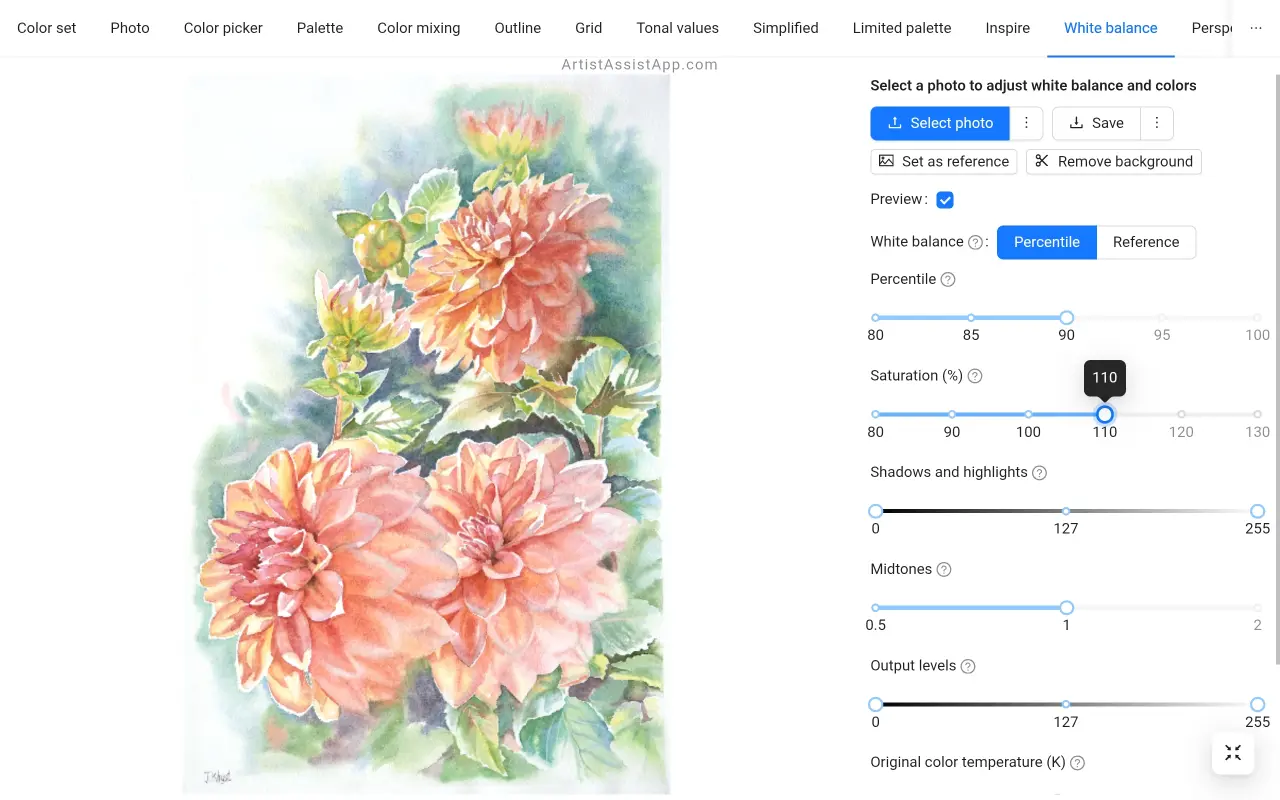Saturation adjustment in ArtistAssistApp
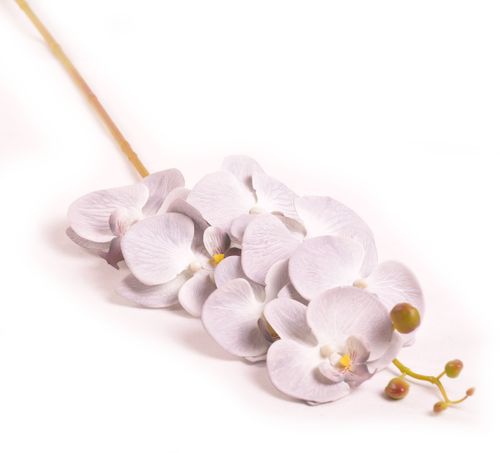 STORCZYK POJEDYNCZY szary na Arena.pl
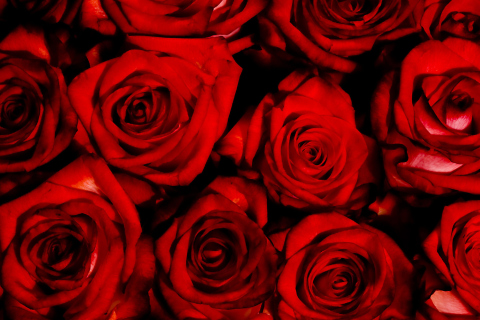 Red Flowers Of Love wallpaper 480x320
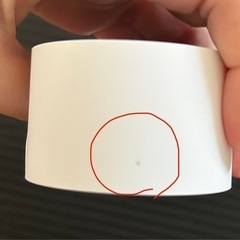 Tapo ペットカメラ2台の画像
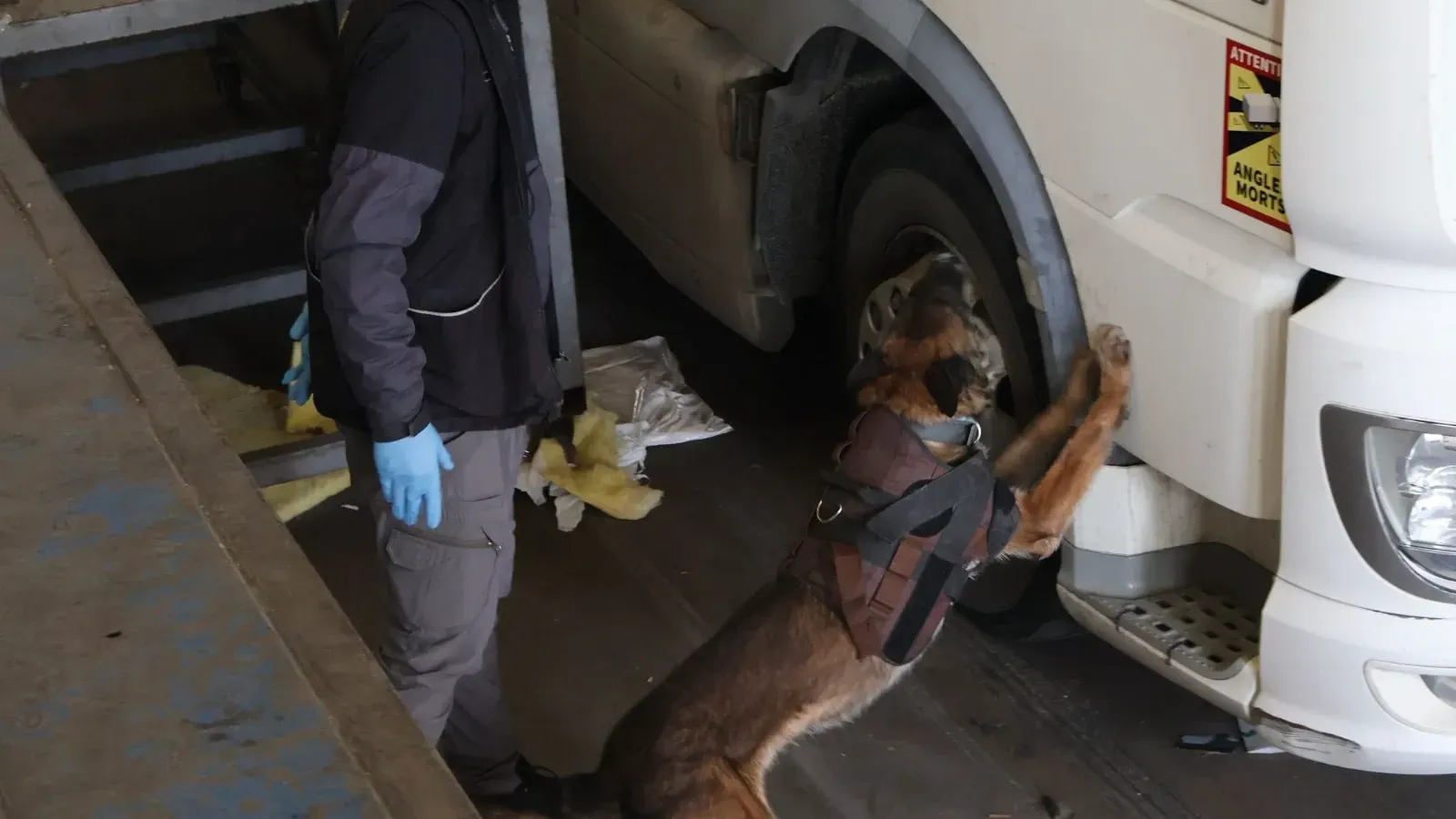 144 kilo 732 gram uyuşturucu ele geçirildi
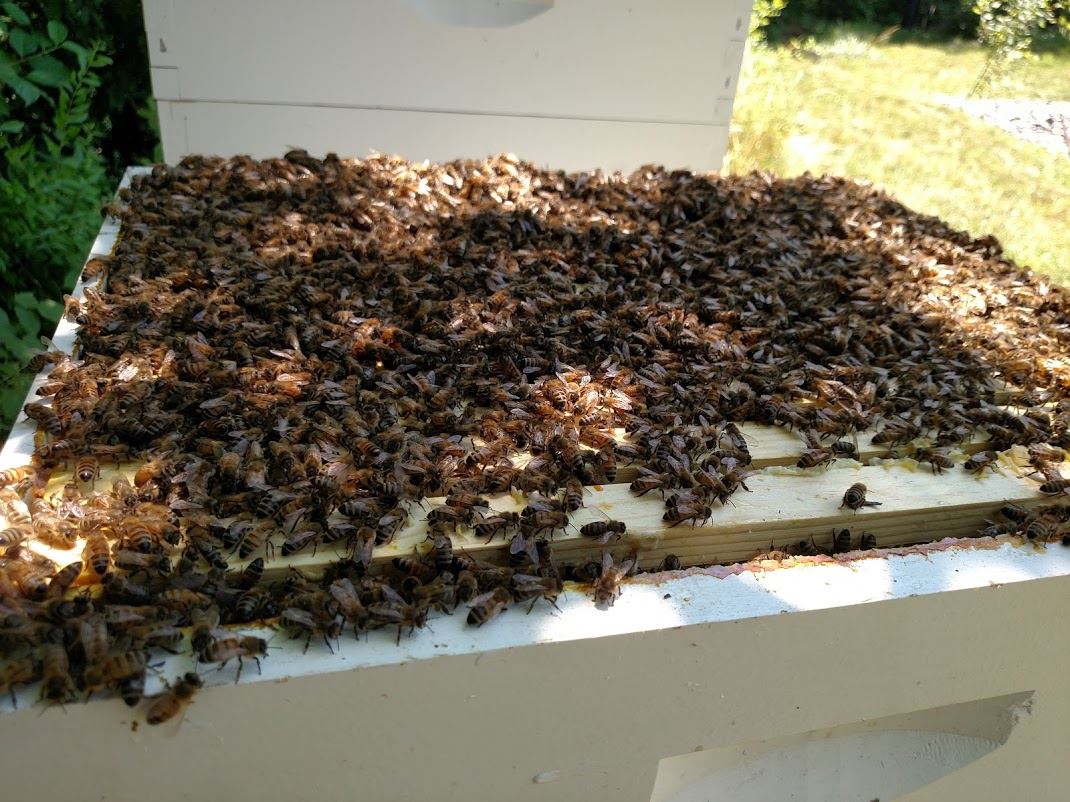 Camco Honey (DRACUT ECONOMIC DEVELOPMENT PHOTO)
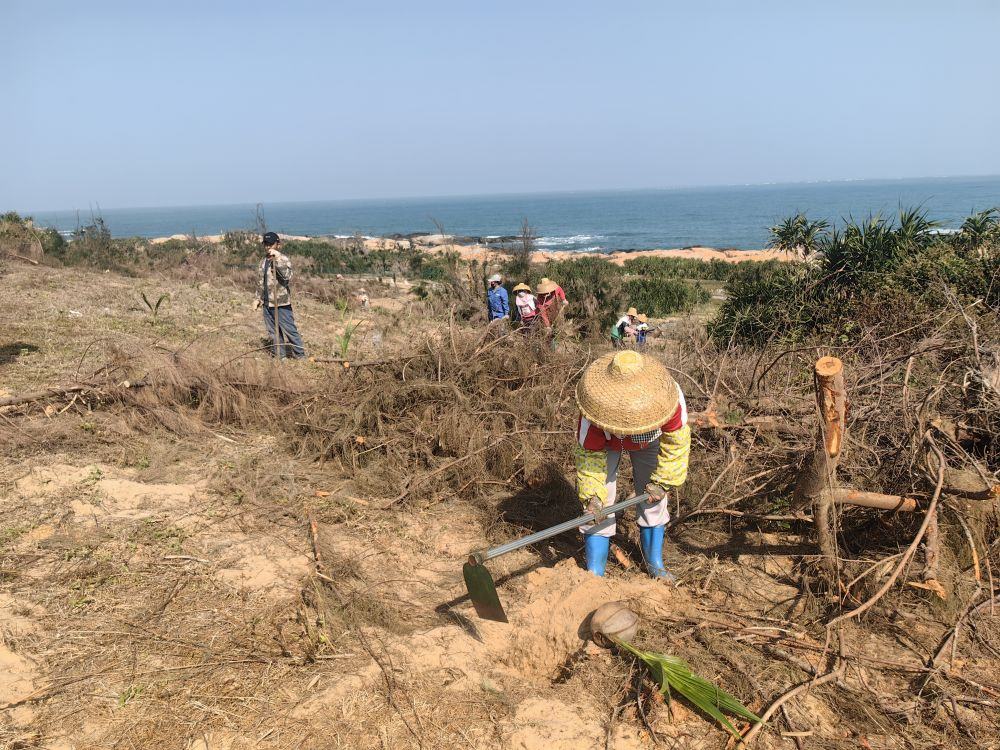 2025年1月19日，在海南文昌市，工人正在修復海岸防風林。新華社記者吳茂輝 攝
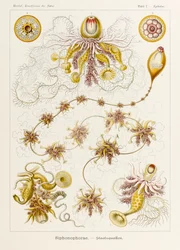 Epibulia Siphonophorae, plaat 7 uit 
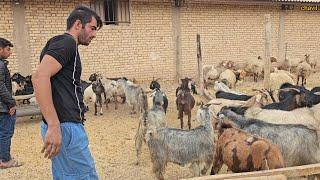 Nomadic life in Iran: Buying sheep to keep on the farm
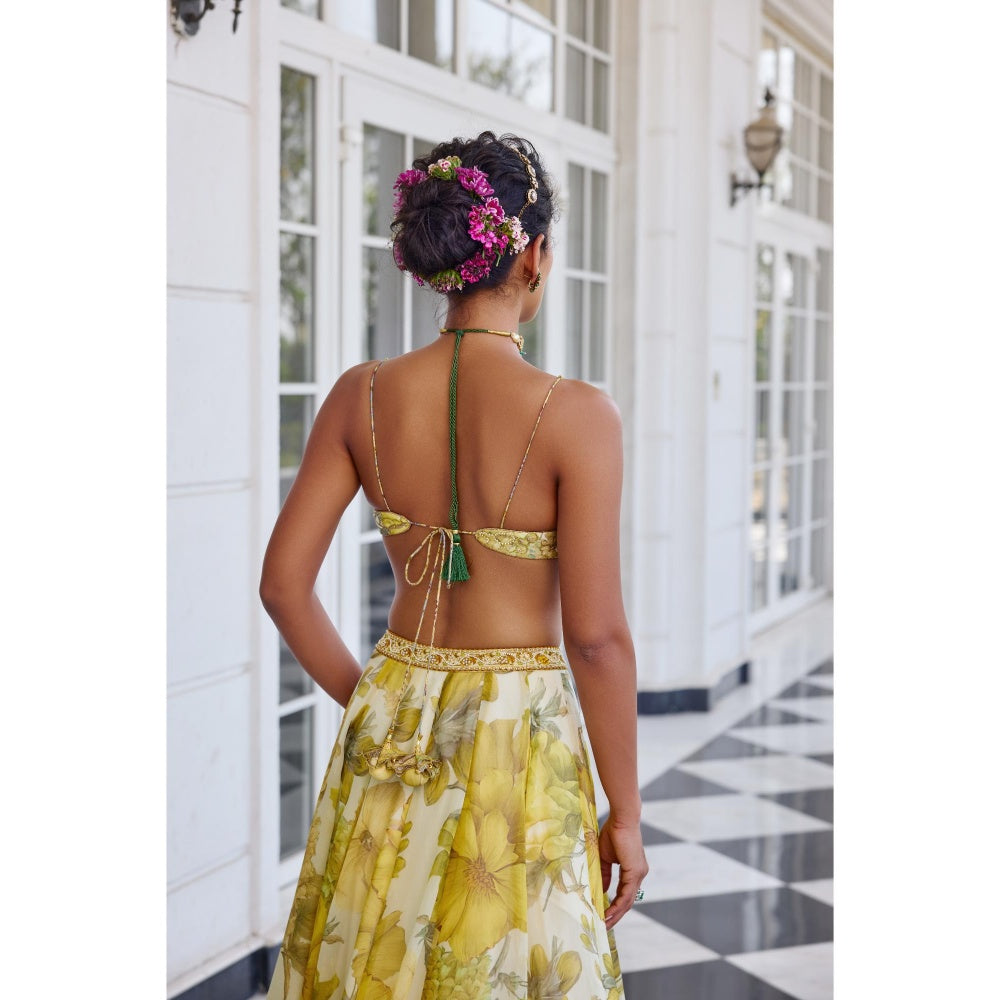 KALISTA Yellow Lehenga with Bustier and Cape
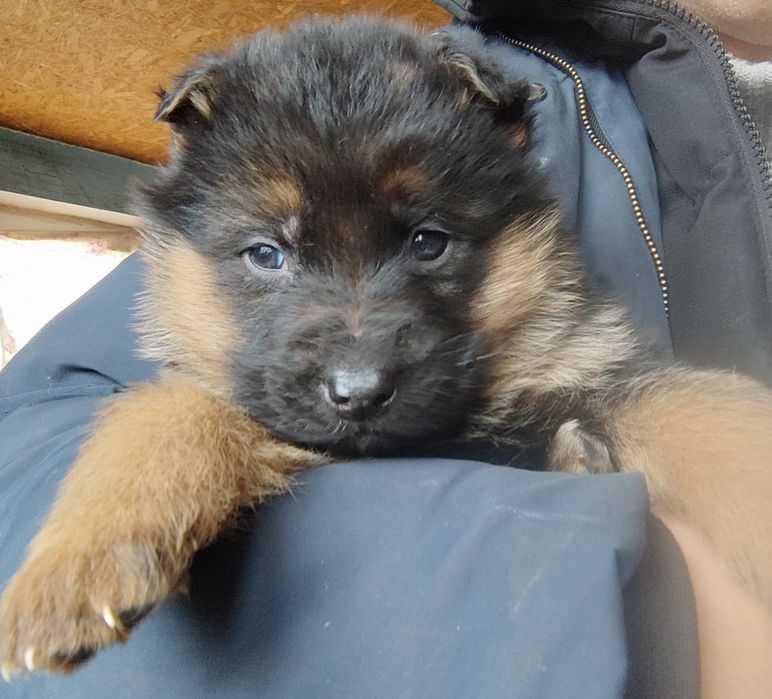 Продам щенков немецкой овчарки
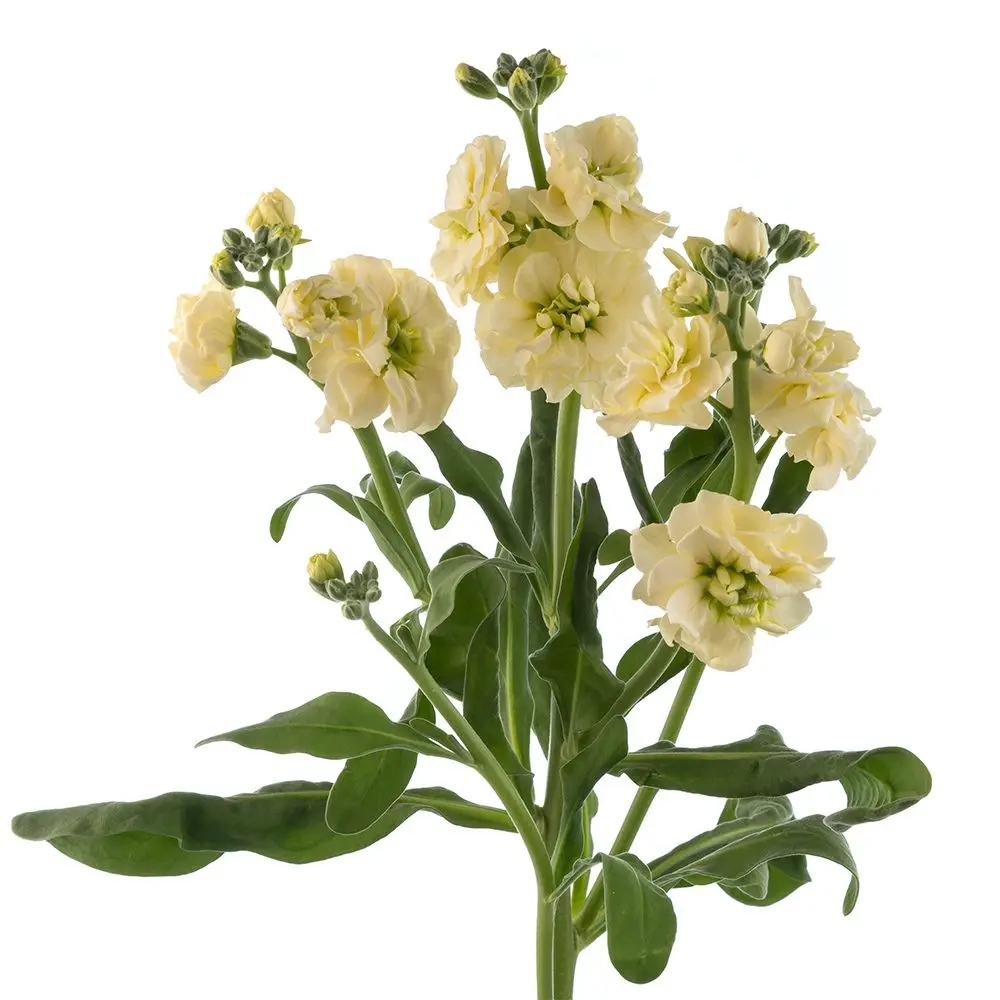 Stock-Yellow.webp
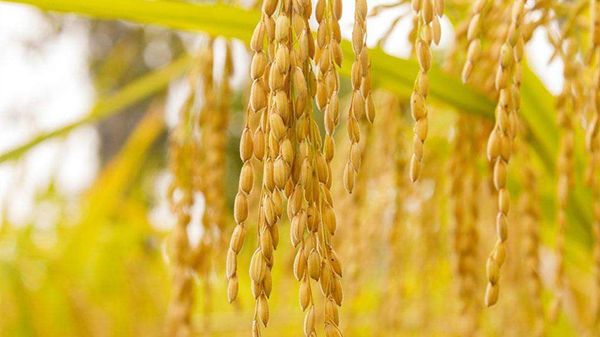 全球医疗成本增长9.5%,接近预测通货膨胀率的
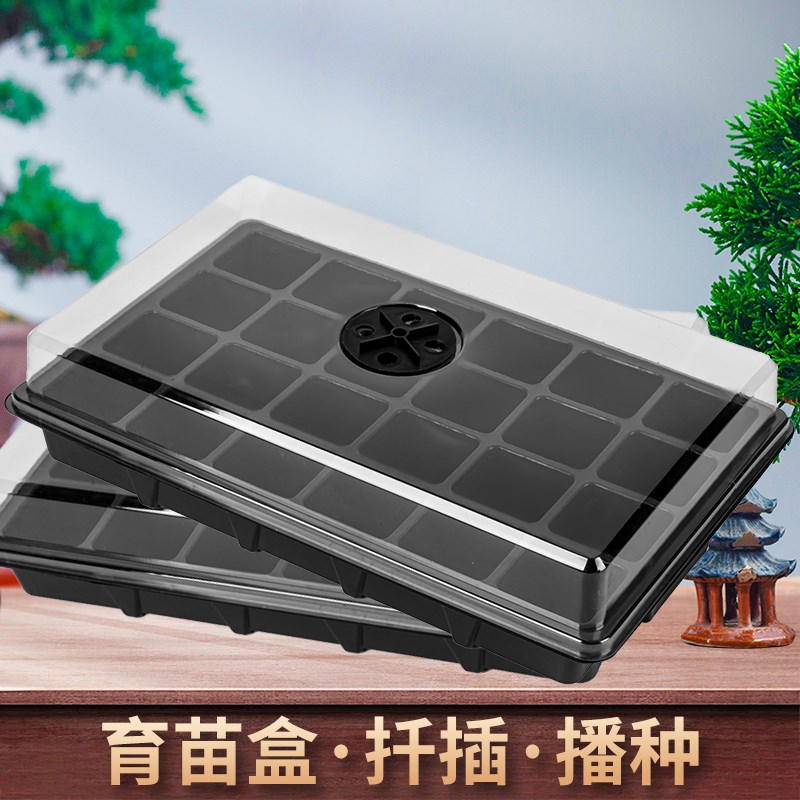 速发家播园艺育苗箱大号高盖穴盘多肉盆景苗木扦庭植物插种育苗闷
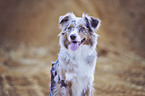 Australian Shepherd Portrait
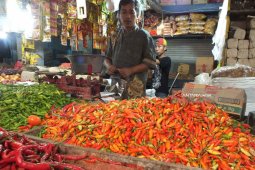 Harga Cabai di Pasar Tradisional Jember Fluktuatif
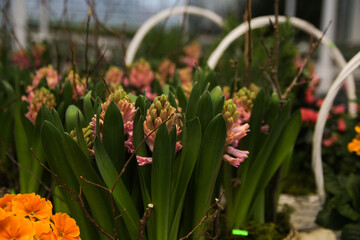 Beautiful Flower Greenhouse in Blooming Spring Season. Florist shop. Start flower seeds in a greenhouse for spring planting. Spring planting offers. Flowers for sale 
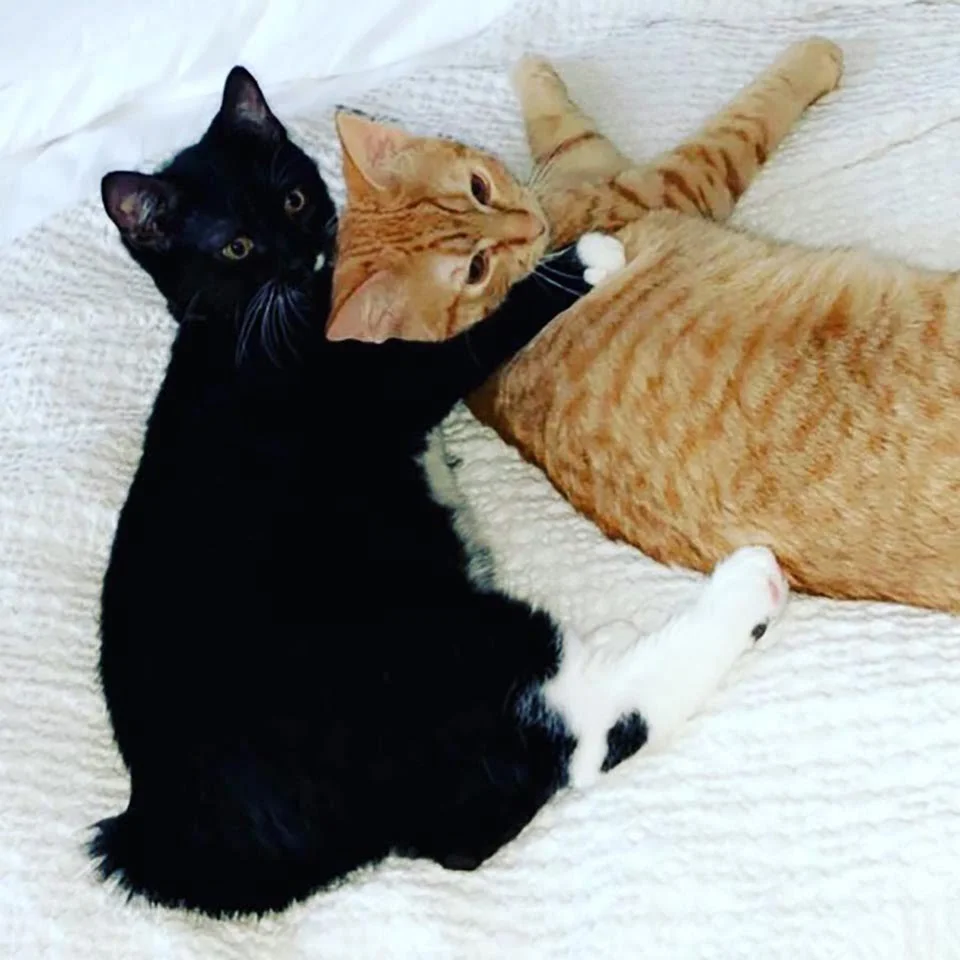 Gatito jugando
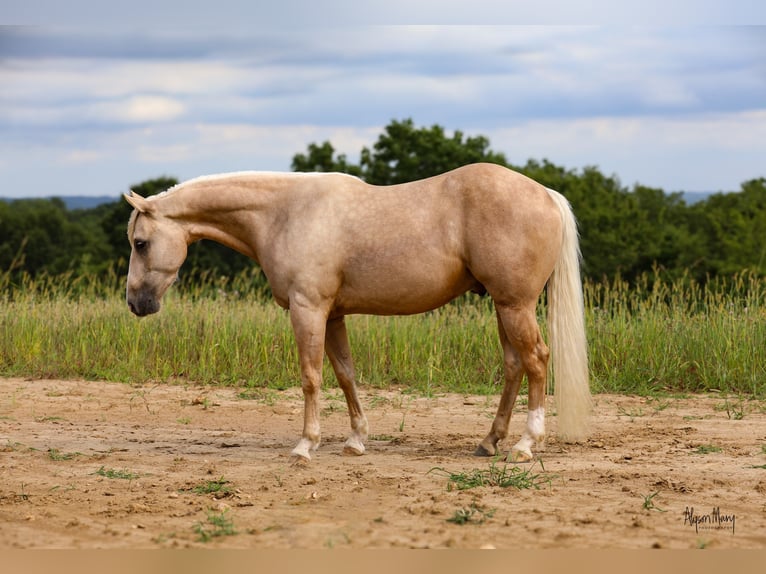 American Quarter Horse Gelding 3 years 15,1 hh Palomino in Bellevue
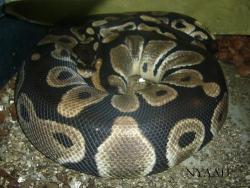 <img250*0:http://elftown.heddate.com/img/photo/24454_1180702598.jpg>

####################

Instructions to follow:
Beginning with the line that contains "Gatito jugando" and ending with the last line of the data above, output those lines exactly and nothing more, without any pictures.

Output below:
 Gatito jugando
 American Quarter Horse Gelding 3 years 15,1 hh Palomino in Bellevue
 <img250*0:http://elftown.heddate.com/img/photo/24454_1180702598.jpg>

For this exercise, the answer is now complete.